Good for them if they did. Finally somebody used it. I noticed a paper of mine citated in a patent

https://data.epo.org/gpi/EP3286870A4-RANDOM-CIPHER-PAD-CRYPTOGRAPHY

They refer to my paper

A] JORMA JORMAKKA ET AL: “UAV-based Sensor Networks for Future Force Warriors”, INTERNATIONAL JOURNAL ON ADVANCES IN TELECOMMUNICATIONS, vol. 4, no. 1, 1 January 2011 (2011-01-01), pages 58 – 71, XP055518255

where I have the protocol and the figure here does look like my key exchange:

https://worldwide.espacenet.com/publicationDetails/biblio?CC=EP&NR=3286870A4&KC=A4&date=&FT=D&locale=en_EP#

As you may remember, one-time-pad (ODP) is a simple cryptosystem with perfect security: the key is as long as data. You just XOR the key to data and nobody can ever break the encryption. The only problem with the system is that you need the long key and sending any data you very fast use the key. Therefore the system is seldom used.

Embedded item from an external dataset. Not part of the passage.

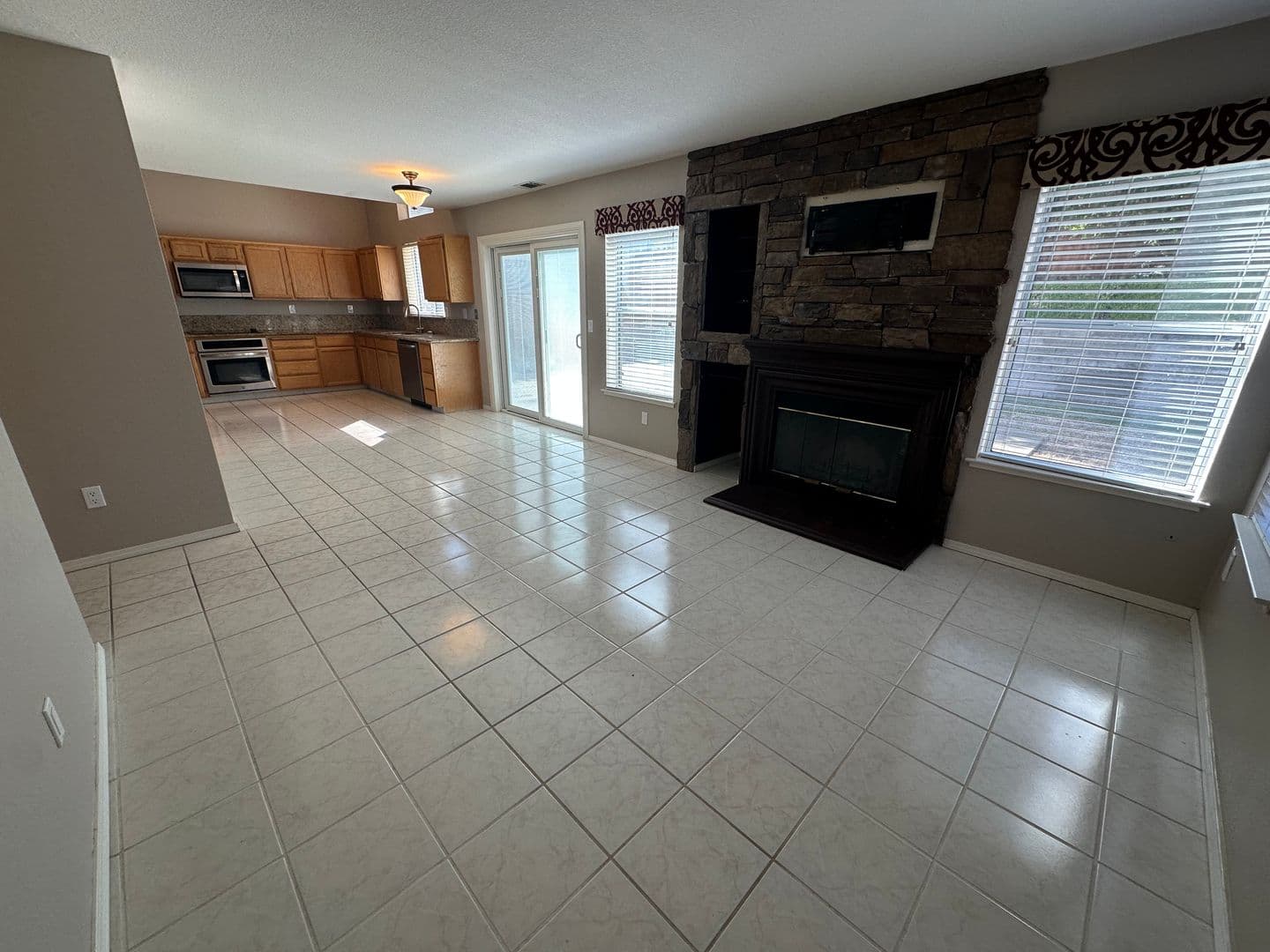 Antioch House: 5144 Pioneer Way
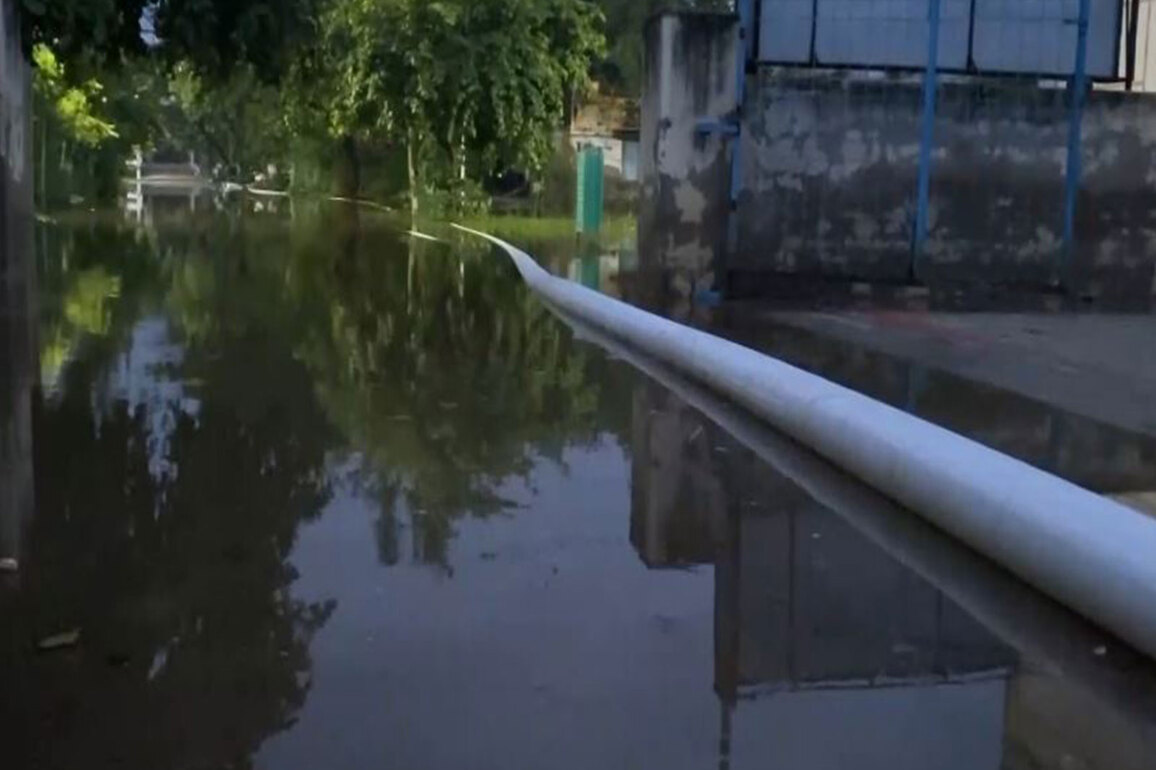 Tamil Nadu: Heavy rainfall triggers waterlogging in several parts of Thoothukudi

My ODP exchange protocol send from Alice to Bob a one-time-pad encrypted with another one-time-pad. One of the ODPs you keep and the second ODP you throw away. Clearly, as the second ODP is just random data, there is no way to break this key exchange by reading data of the key exchange. Alice and Bob need to know the same seed, an initial element of some bit length (say 4000 bits to make it hard), but even if you should guess this seed, it only crypts random data (the other ODP that you do not use for anything), so you could never know that you guessed it. We conclude that the ODP exchange has perfect security. But what you get is a long key, the other ODP. The algorithm is fast as all you do is XOR.

If you use the ODP to encrypt real data, it is no longer a valid one-time-pad (because guessing the seed gives the whole ODP, if there is a way to know if you guessed correctly). If a malicious Mallory reads both your sending of data encrypted with this ODP and the data on the key exchange and guesses the seed, he can verify that it is the correct seed because your data decrypts correctly for the whole length of the transmission.

But no harm (and it is clearly stated in the paper): it is not perfect security, but it is perfect computational security: Mallory indeed has to guess the seed. There is no trapdoor, cryptoanalysis, usage errors, or anything that could help him. His only way to break the pad is to guess the seed and if the seed is long enough, he cannot guess it. (My paper discusses only the key exchange, not how you should use the ODP. You do not XOR the ODP to your data but use an element of the ODP as a one-time key of a sufficiently good algorithm to stop attacks on individual bits of the seed. The cost of using the key exchange is that it doubles the bandwidth, but something you can pay for perfect computational security. )

Many people think that if quantum cryptography fulfills its promise, all possible keys can be tried at the same time. So, the seed could be found, assuming that somebody can check if the decrypted data makes any sense. But to check that decrypted data makes any sense if there are 2 to power 40000 alternatives to check will not be possible. What it means that data makes sense (is plain text) is not necessarily so easily programmed. I am sure that perfect computational security is good enough. The worry one has with common cryptoalgoriths is not that somebody can check by brute force all combinations but that there is some easier way. Well, in my method there is none. It is as close to one-time-pad as you can get. No structure.

This is not the only patent I am connected with. I do (did) have one patent with my name:

https://www1.epa.ee/patent/data.asp?NroParam=P200000779&ID=X550982&NID=&offset=3100&HKR=

It seems to be that this is now invalid, so it got outdated. It was valid for a quite long time.